== Source information ==
============================================================
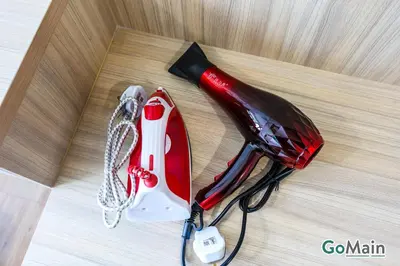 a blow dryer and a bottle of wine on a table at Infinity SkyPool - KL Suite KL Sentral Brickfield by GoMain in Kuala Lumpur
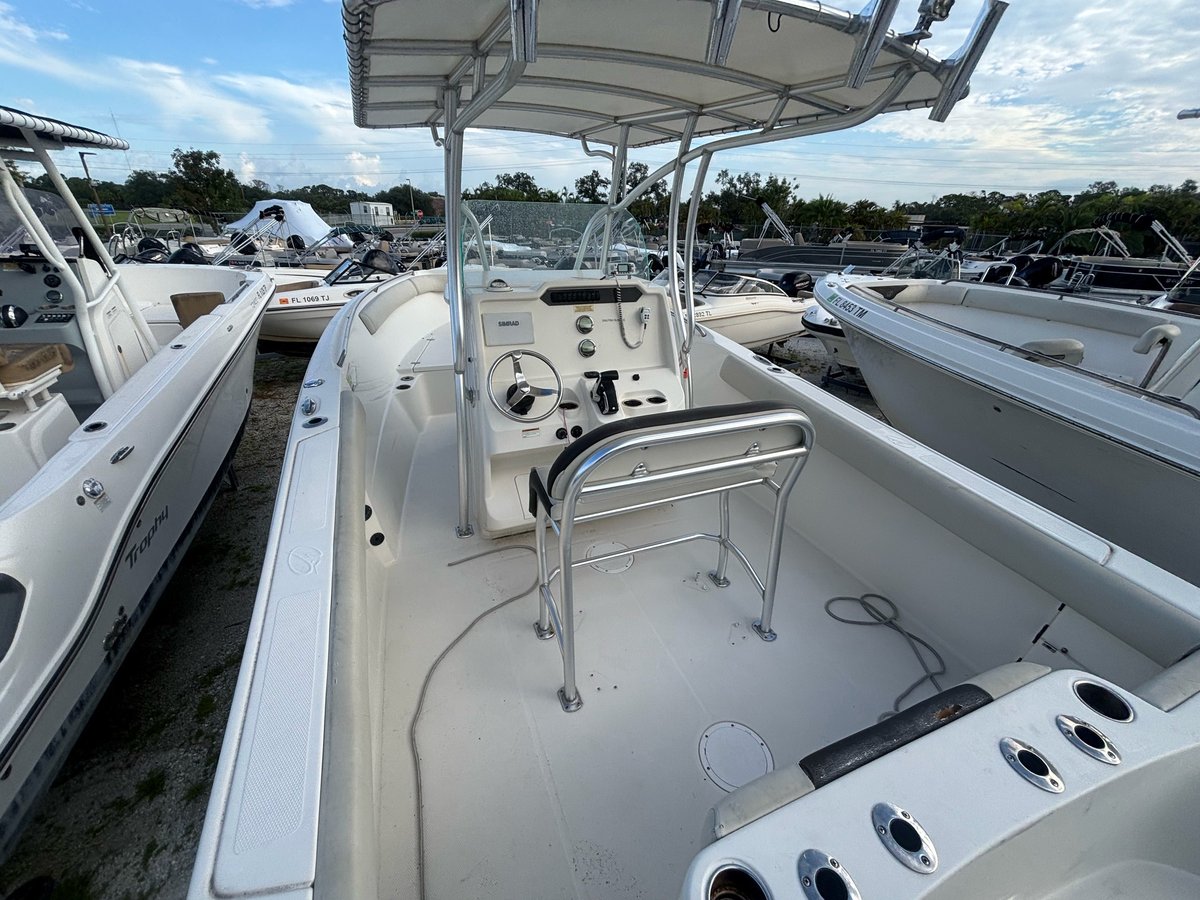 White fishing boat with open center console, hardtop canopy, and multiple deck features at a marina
============================================================
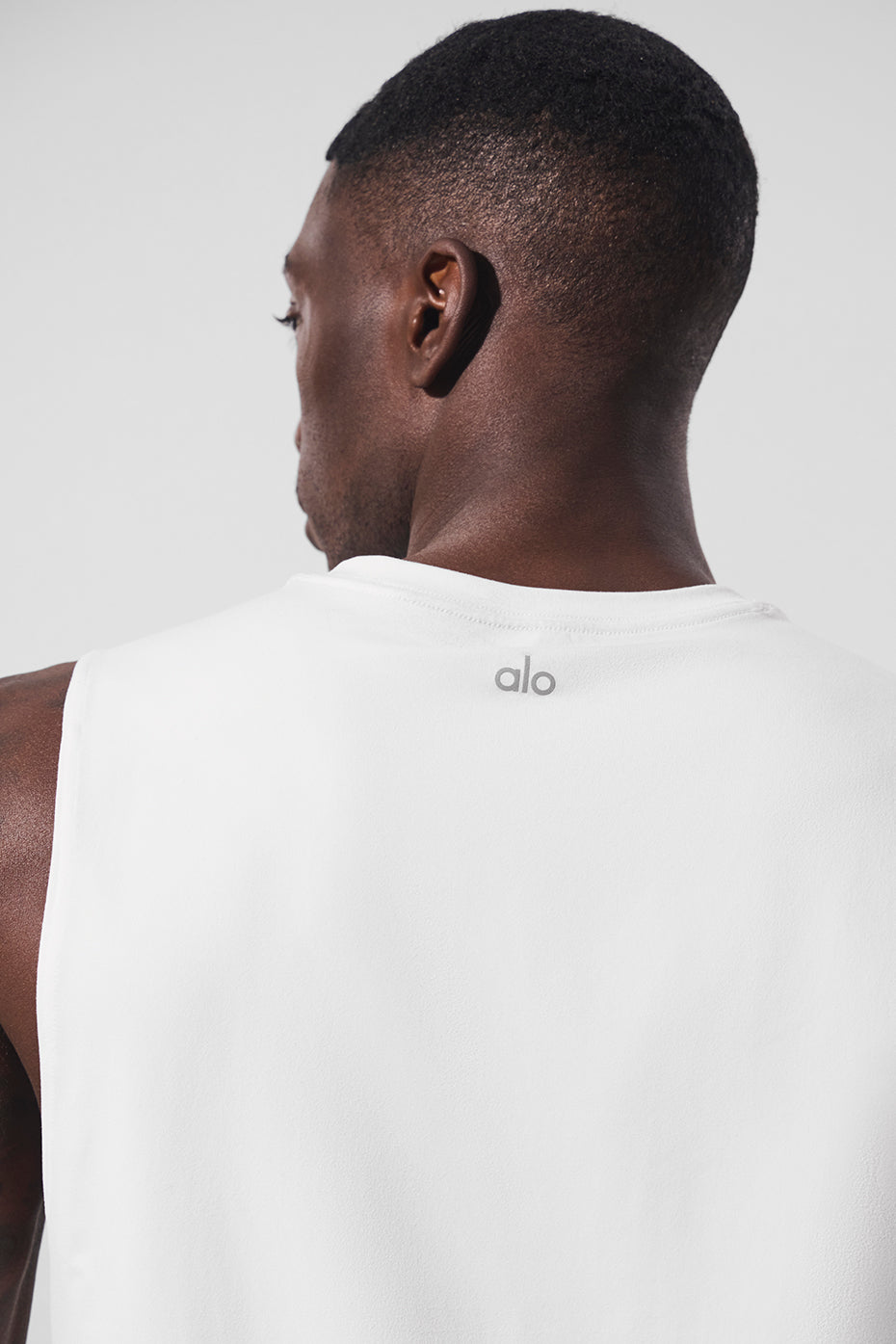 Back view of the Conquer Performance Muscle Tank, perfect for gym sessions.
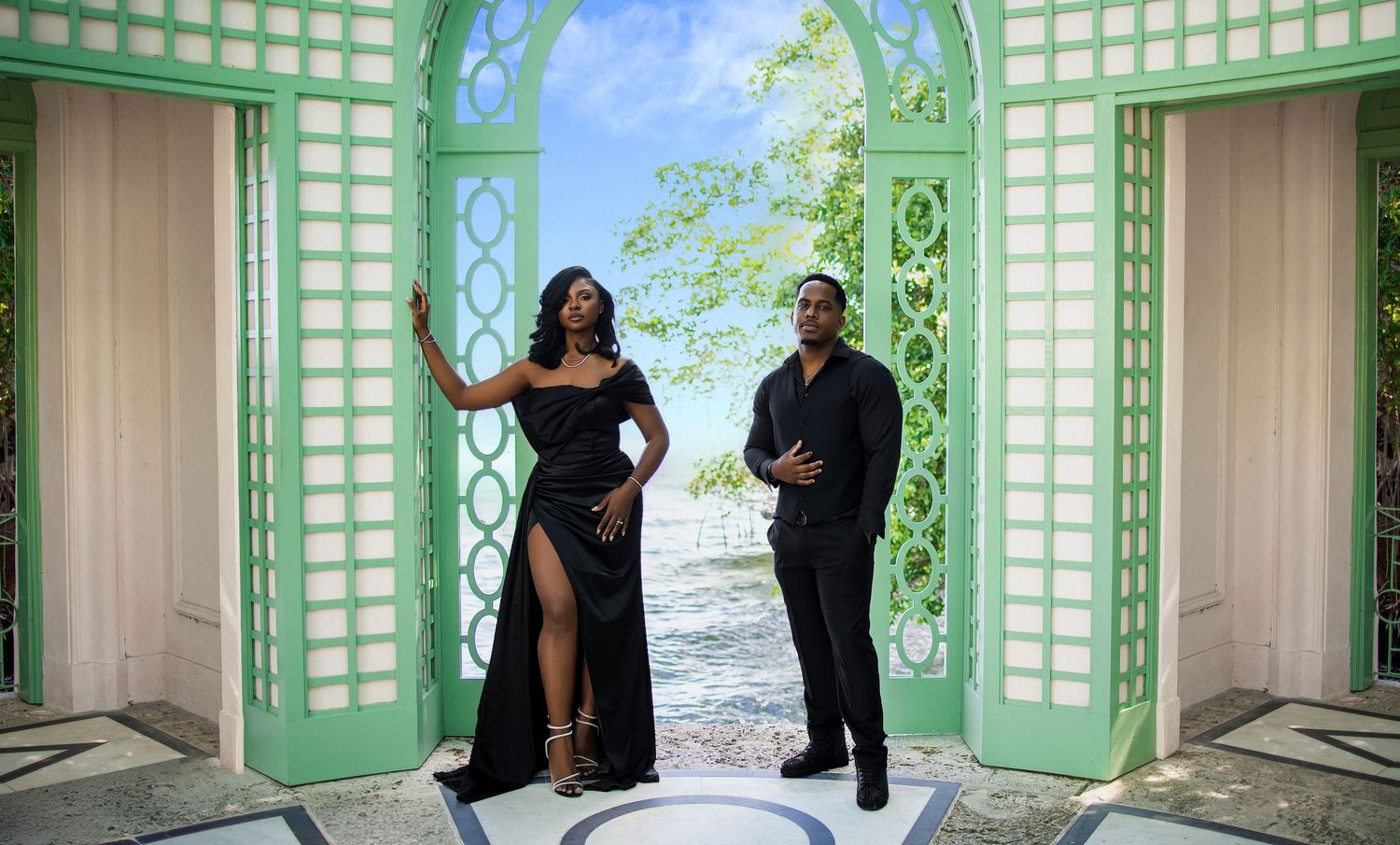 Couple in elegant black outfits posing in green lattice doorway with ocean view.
============================================================
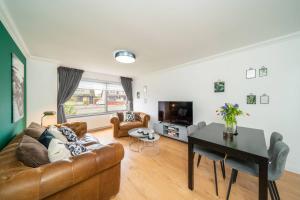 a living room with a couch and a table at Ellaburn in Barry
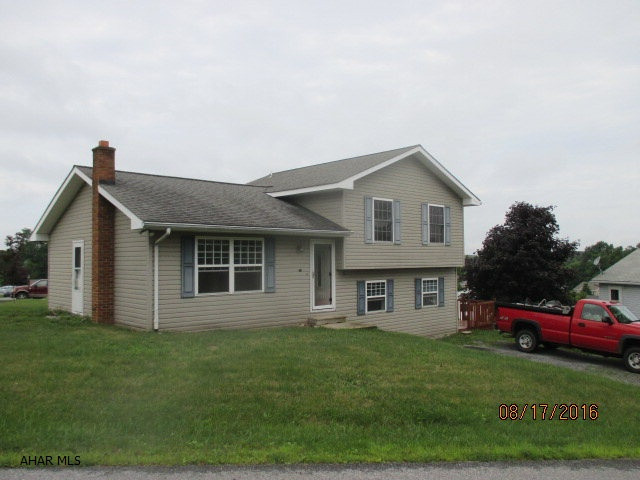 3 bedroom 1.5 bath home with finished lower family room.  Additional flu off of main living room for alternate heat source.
============================================================
== Problem statement ==
Output exactly the lines above, from the line with "a blow dryer" to the line with "White fishing boat", both included; skip the pictures.

== Exercise output ==
 a blow dryer and a bottle of wine on a table at Infinity SkyPool - KL Suite KL Sentral Brickfield by GoMain in Kuala Lumpur
 White fishing boat with open center console, hardtop canopy, and multiple deck features at a marina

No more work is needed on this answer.